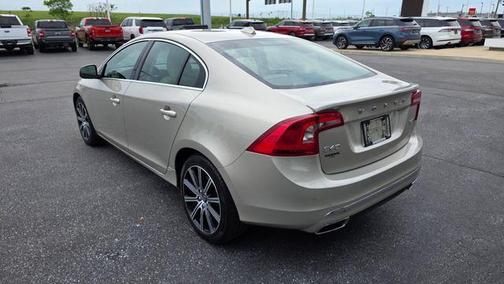 Luminous Sand Metallic 2018 Volvo S60 Inscription T5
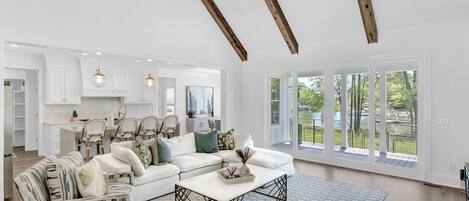 Smart TV, chimenea, estéreo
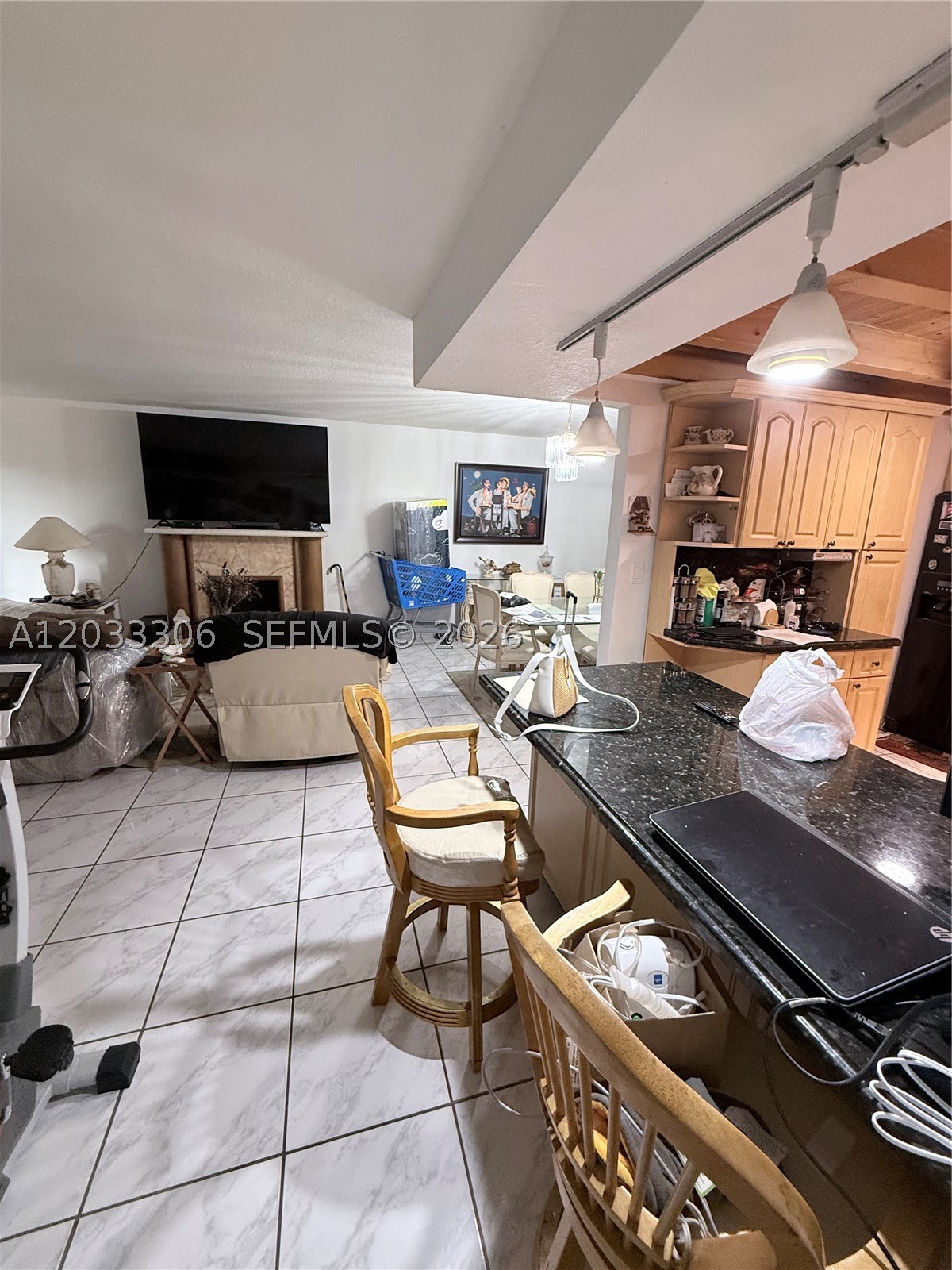 1975 W 44th Pl #401, Hialeah FL 33012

Task brief: Without including any picture, reproduce the material above word for word.

Solution:
 Luminous Sand Metallic 2018 Volvo S60 Inscription T5
 Smart TV, chimenea, estéreo
 1975 W 44th Pl #401, Hialeah FL 33012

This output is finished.